Without notes or an auto-cue, Chancellor Angela Merkel took part in the live discussion program on RTL, Germany's largest private free-to-air broadcaster, on Sunday evening.

Voters posed questions to the chancellor as she seeks a fourth term in September's elections. Opinion polls currently show Merkel's Christian Democratic Party (CDU) with its Bavarian Christian Social Union (CSU) will be the largest party but without an overall majority.  

Given attacks in Germany and more recently in Barcelona, Merkel was asked what measures her government would take to improve security. Merkel said that a combination of policing and use of technology had to be used to ensure safety. She said that while there were an estimated 10,000 individuals who had been radicalized to extremist views in Germany, only 600 to 700 of them were deemed to be dangerous.
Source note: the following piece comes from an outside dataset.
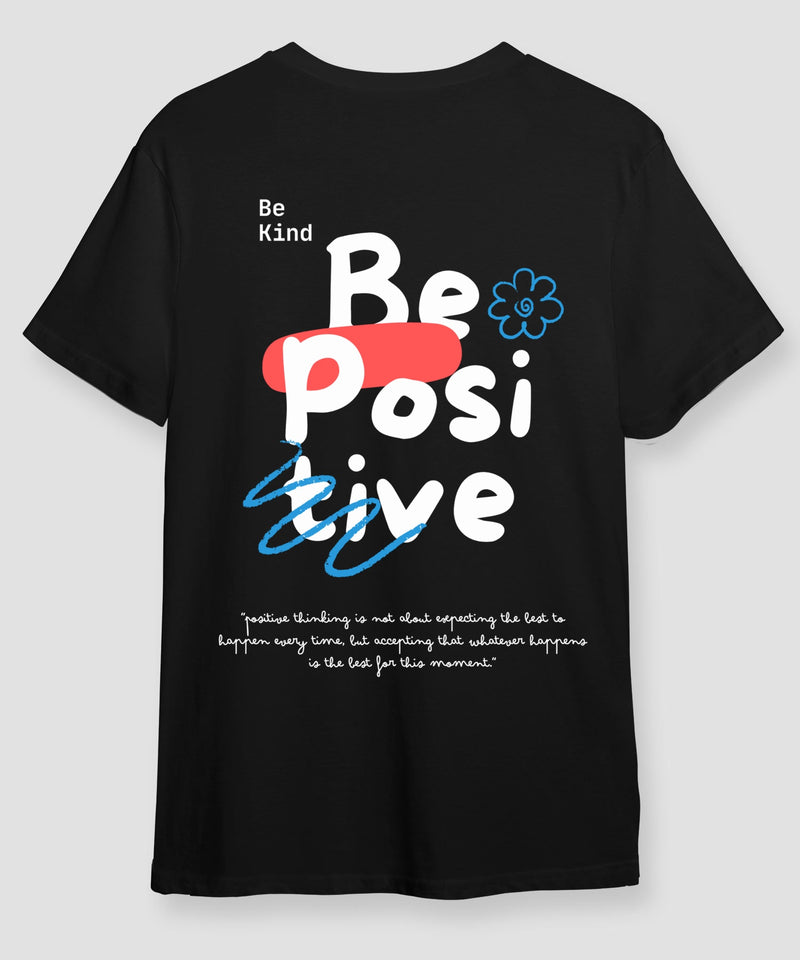 Be positive  - Round Neck T-shirt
Merkel criticized Turkey's use of an Interpol arrest warrant to detain and seek extradition of German writer Dogan Akhanli in Spain on Saturday as an abuse of the international police agency. "It is not right and I'm very glad that Spain has now released him," Merkel said. "We must not misuse international organizations like Interpol for such purposes."

Emphasis on security

The chancellor said she would attempt to unify police equipment and procedures across Germany's 16 states. She noted that many do not understand police checks and video surveillance are all managed differently across the country's states.

She said her Christian Democrats would attempt to unify police methods, saying: "I will also speak again with state premiers myself."

Police in Hamburg after the July knife attack
Police in Hamburg after the July knife attackImage: picture-alliance/dpa/M. Scholz

Merkel also stood by her decision to open Germany's borders to hundreds of thousands of refugees two years ago. Asked whether now she would have done it differently, she said: "I still think my decision was right." She called for more solidarity across Europe to help countries such as Italy and Greece to deal with the large numbers of migrants arriving at their borders.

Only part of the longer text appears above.